**The problem:** What is needed is an exact copy of the lines from the line holding "Honeywell Fold-Over Reference Card" through the end of the material, with no other lines and no pictures.

[Opening Data section section]

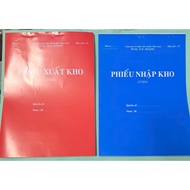 5 Books of warehouse receipts - Warehouse receipts 1 copy, 2 copies, 3 copies/ A4 - carbon paper wit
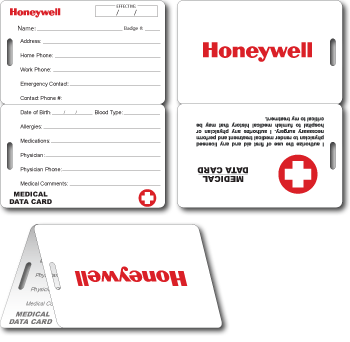 Honeywell Fold-Over Reference Card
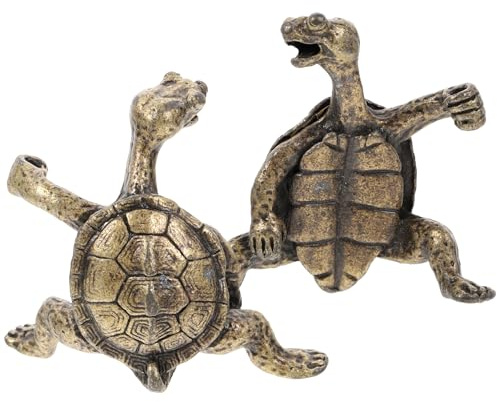 Cabilock 2St Weihrauchbrennergestell schildkröten räucherstäbchen Halter für Weihrauchbrenner bürodeko büro Dekoration duftstäbchen Vintage- Vintage Räucherstäbchenhalter Räuchergefäß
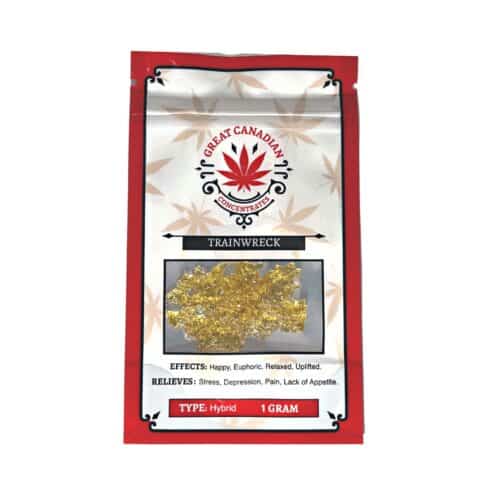 1gr - GREAT CANADIAN CONCENTRATES - TRAINWRECK - (SHATTER) - BALANCED HYBRID - (AAA)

[Closing Data section section]

**Response to this task:**
 Honeywell Fold-Over Reference Card
 Cabilock 2St Weihrauchbrennergestell schildkröten räucherstäbchen Halter für Weihrauchbrenner bürodeko büro Dekoration duftstäbchen Vintage- Vintage Räucherstäbchenhalter Räuchergefäß
 1gr - GREAT CANADIAN CONCENTRATES - TRAINWRECK - (SHATTER) - BALANCED HYBRID - (AAA)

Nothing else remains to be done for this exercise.